Tuesday, 6 September 2011
Labour's task just keeps getting harder and harder
Who'd be in Opposition? That should, of course, have been the question faced by power-weary Labour Ministers and MPs as they threw in the towel back in May 2010. One gained the distinct impression at that point that the party was not serious in trying to cling to power, and was just exhausted.
It's happened before. Labour in 1951, and the Tories in 1964 and 1997, were pretty much ready to leave. There comes a time when - physically, mentally, emotionally - a governing party has nothing left to give.
But Opposition can be worse. With no power and not much influence, any party can be overshadowed.
So it's proving at the moment. Labour is slipping backwards in the polls even as the economy stalls. At a time when alternatives to the coalition should be on the table, Labour is being overshadowed. Events have become the party's enemy, rather than its friend. Ex-Labour MPs are prosecuted for multiple counts of fraud. The ex-PM, Gordon Brown, is lambasted for his volcanic temper and (shall we say) questionable working methods after one of his best friends in politics - Alistair Darling - turns on him. Tony Blair is revealed as a godparent of one of (hardly-flavour-of-the-month) Rupert Murdoch's children.
One day the whole era will be seen in a more sober and historically-detached light. But not today.

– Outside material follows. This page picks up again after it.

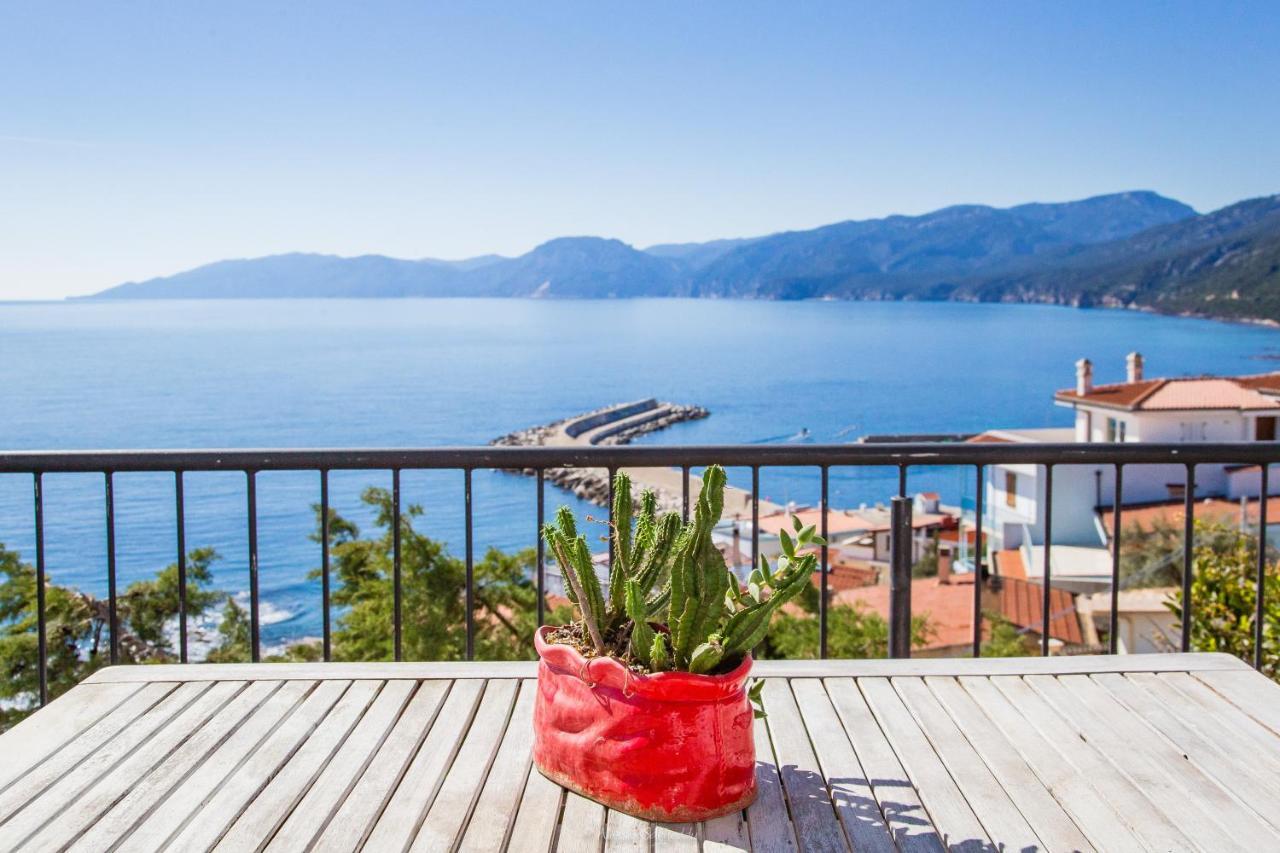 Apartamento Casa Fendemare, Vista Sul Golfo Iunq2620 Cala Gonone Exterior foto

And all the time, looming on the horizon, is the prospect of a Scottish independence referendum which would remove 41 Labour MPs from the House of Commons. The Conservatives would gain an overnight overall majority without having to lift a finger.
Wily old Alec Salmond, First Minister of Scotland, is beginning to tack towards what political anoraks know as 'devo-max': a maximalist model of devolution that would leave Scotland within the Union, but with tax-raising powers and social security (and almost everything else) devolved. Only defence and the monarchy would probably remain 'reserved powers' at Westminster - a situation in which Scottish MPs would find it much harder than they do, even now, to justify voting on issues which affected only the rest of the UK.
Salmond is doing this because he knows he can win such a referendum - especially while the Conservatives debate a new name (or just giving up and disbanding) and Labour ponder a new Scottish leader. In a multi-option plebiscite, 'do you want to compromise on more powers?' will be almost irresistible to the Scottish electorate.
Meanwhile, Labour will find it well-nigh impossible to win a majority until it becomes a more English, and a more socially conservative, party - in about eight to twelve years from now.
Government was hard. Opposition is harder.